Titolo, “Ecco, improvvisamente le lacrime”. Valutiamo il titolo ...

Analisi non razionale (assurdo in termini per gli intellettuali, ma sensato per chi mastica e vive nei simboli): Ecco. Ecco qui … per esteso. Il qui e ora reso anche nel linguaggio popolare. “Ecco fatto!” = fatto ora.

Poi segue la parola “Improvvisamente” … Di nuovo il fattore tempo. Deduco che qualcosa accade, con una certa dose d'imprevisto per chi osserva la scena (immagino il Pradarello che quelle parole le pensa mentre qualcosa gli sta accadendo). Dunque, il qui e ora concreto, seguito da una precisazione che ci informa che il qui e ora è saturato da un evento imprevedibile … e l'evento consiste in “piccole lacrime”. Piccole, per lacrime, è raro per non dire rarissimo, mi da l'idea di un dolore che la dignità vuol contenere … ma non ce la fa, oppure? Non so ... tengo presente che ho scritto queste righe, compresa la descrizione che segue della copertina, prima di aver aperto il libretto.
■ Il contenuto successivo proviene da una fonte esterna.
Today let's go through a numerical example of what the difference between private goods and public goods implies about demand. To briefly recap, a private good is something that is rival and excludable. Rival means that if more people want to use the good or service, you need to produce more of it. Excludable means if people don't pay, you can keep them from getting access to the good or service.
La copertina mostra una foto in bianco e nero, un paesaggio innevato con alberi. Ma … e l'inverno rappresentato non è un rafforzativo di un certo modo inconscio, ma collettivo di percepire il tempo? Certo. Quando nevica il tempo rallenta. Quando ha nevicato il tempo si ferma, il paesaggio si fa immobile. L'inverno se rappresentato con paesaggi senza umani e oltre il resto con alberi scheletriti che hanno perso le foglie, rappresenta il tempo immobile … e il tempo immobile è l'assenza di tempo.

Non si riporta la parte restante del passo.